Monday, April 14, 2008

Access to Materials for Print Disabilities - Copyright and Legal Definitions

In continuing the topic of electronic books, I am going to attempt to tackle a somewhat confusing topic. The topic is access to electronic text materials, who gets them and how they qualify.

IDEA, section 300.172 requires that textbooks and related core instructional materials be provided to students with print disabilities. They are to have them in specialized formats and in a timely manner. Timely manner is perceived to be when the other students receive instructional materials and the specialized format can be braille, audio, digital text or large print. Students with print disabilities are to receive these materials to gain the information needed to complete tasks, master IEP goals and reach curriculum standards.

Chafee Ammendment and Disabilities Defined:
Under the Chafee ammendment to the copyright law in 1931, students with print disabilities are those who have been certified by a "comptent authority" as unable to read printed materials because of a visual impairment or blindness, physical limitations or an organic dysfunction.
Blind is defined as having a visual acuity of 20/200 or less and those whose visual disability with correction prevents the reading of standard printed material.
Other persons with print disabilities is defined as those who are unable to read or use standard printed materials as a result of a physical limitation or resulting form organic dysfunction and of sufficient severity to prevent the reading of printed materials in a normal manner.
Competent Authority:
The list is long as to who is designated competent to make a diagnosis for qualification. It ranges from M.D.'s in medicine, osteopathy, opthamology, optometry, registered nurses, therapists, and institutions and public welfare agencies. In absence of these, it states that certification may be made by professional librarians or by any person acceptable to the Library of Congress. See an attorney if you are wanting legal advice on who should qualify in your situation as competent if it varies from qualifications listed in these ammendments.

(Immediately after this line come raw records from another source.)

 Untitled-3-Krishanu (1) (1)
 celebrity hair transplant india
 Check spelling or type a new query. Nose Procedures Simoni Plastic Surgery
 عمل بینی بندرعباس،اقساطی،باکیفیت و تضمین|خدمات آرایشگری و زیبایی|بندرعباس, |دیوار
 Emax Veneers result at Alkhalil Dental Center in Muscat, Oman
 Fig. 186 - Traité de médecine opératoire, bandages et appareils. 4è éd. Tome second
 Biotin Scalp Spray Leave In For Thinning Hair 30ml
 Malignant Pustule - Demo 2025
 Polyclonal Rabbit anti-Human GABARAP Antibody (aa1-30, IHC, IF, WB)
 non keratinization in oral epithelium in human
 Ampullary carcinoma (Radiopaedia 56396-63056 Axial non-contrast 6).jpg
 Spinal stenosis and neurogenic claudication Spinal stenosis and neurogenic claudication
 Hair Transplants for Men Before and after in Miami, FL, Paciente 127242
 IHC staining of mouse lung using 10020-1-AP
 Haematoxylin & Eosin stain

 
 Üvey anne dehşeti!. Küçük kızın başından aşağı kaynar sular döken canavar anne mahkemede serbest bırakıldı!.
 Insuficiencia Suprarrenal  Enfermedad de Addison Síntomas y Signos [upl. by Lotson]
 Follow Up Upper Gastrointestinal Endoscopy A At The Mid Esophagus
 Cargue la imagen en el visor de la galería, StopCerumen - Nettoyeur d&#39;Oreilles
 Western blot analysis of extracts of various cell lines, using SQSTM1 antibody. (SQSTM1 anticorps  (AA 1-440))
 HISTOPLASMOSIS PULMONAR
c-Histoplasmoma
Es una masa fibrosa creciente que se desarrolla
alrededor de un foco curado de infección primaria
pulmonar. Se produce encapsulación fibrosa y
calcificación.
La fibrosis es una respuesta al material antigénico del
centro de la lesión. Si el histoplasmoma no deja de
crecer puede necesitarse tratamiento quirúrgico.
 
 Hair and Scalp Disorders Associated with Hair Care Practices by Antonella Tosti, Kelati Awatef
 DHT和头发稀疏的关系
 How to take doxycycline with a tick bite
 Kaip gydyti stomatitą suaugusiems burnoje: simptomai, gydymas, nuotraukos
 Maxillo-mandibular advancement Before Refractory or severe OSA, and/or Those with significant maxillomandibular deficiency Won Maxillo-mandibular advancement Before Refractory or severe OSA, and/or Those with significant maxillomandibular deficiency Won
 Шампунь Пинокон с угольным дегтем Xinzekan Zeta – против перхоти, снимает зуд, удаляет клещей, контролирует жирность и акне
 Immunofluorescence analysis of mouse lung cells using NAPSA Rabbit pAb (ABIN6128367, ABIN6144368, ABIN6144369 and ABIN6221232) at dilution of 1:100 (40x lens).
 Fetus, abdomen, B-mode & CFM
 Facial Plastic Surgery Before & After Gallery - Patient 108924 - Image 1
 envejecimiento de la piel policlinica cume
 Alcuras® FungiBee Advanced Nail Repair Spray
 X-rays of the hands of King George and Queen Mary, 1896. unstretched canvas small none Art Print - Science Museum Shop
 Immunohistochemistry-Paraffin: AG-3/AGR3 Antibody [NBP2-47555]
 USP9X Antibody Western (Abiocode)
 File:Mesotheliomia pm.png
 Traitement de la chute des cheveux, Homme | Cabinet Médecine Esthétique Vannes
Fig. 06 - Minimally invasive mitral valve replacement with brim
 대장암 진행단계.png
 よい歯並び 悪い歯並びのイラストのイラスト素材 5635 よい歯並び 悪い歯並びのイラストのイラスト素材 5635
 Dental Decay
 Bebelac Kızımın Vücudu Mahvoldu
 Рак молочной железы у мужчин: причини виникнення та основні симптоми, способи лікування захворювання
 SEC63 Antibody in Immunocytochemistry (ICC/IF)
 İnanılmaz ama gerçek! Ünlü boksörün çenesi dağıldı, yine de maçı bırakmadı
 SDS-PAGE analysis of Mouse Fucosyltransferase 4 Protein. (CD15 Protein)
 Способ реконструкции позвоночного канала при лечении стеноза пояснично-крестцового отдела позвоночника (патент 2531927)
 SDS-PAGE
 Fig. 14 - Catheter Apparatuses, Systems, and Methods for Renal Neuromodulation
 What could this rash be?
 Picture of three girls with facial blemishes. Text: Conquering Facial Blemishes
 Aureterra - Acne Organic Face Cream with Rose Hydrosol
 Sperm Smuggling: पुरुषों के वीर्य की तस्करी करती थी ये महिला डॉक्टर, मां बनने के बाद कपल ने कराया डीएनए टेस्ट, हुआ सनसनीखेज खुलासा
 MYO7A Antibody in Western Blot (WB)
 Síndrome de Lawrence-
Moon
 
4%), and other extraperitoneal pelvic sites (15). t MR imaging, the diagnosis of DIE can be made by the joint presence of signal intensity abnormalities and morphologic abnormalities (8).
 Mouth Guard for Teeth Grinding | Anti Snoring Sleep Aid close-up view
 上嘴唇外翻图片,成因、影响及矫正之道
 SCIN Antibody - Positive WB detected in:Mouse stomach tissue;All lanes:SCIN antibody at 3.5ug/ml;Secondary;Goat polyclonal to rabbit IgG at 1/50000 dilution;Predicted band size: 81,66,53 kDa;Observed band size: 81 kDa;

I have been at several state-wide sessions to discuss the implications of the NIMAS formatting of text materials and how foks qualify. NIMAS is the National Instructional Materials Accessibility Standard. You can read an overview on NIMAS at the U.S. Dept. of Education site under IDEA HERE. The site lists some legal definitions, but it basically spells out that states needed to provide a standard format NIMAS for those with print disabilities starting in July of 2006.
Publishers of textbooks have been demanding strict protection of any files of their current textbook series. The files have to be administerd by NIMAC the access center for NIMAS, and given out on a case by case qualification basis through an approved state agency that administrates the flow of files to indentified individuals. In Oregon, that identified agency is
The Oregon Textbook and Media Center, housed at Willamette ESD. The American Foundation for the Blind lists a directory by state for these centers. You can look up your instructional resource center for the blind and visually impaired here: (AFB Centers Directory) They also list some nice information about NIMAS and frequently asked questions and self study tool, etc.

I have more to share on this that has to do with and some companion services as well as formats and readers. Also a great resource article link for parents. I think that will be continued tomorrow since this is probably enough information overload for one day!

I would like to acknowledge Gayle Bowser, now retired, but the developer and presenter on a lot of the information I shared today. She is a gold-mine of information and her clear thought processes have helped us sort this out and explore it's implications. I would like to have her on a podcast or the talk radio show to discuss this with us. I'll have to work on that one.

All the best to you!



ATMac said...

Looks like a wonderfully useful post but 99% of it is specific to USA residents. For the rest of us, it would be nice to be told up the top that you're writing about USA-specific stuff ... I must admit the "assumption of Americanness" on the net gets pretty annoying at times! And I know you're open to questioning your own assumptions, so I'm just letting you know.

Hope you got my email about the carnival.

Best Wishes,
Ricky Buchanan

Sangrail said...

Do you know anything about the legalities of making audio versions of texts (that don't have existing audio versions), for students with disabilities?

I'm with an organisation that has a study course, involving recommended reading - but there's no audio versions of the texts available, and we have some members with print disabilities.

We've had a couple of people suggest that they are willing to voice record the books (which is a big undertaking!) as they go through it themselves.

Basically, we're just wanting to find resources to check that it is legal to do this if the person receiving the audio version has a legal print copy, and has a medically (or librarian??) recognised print disability.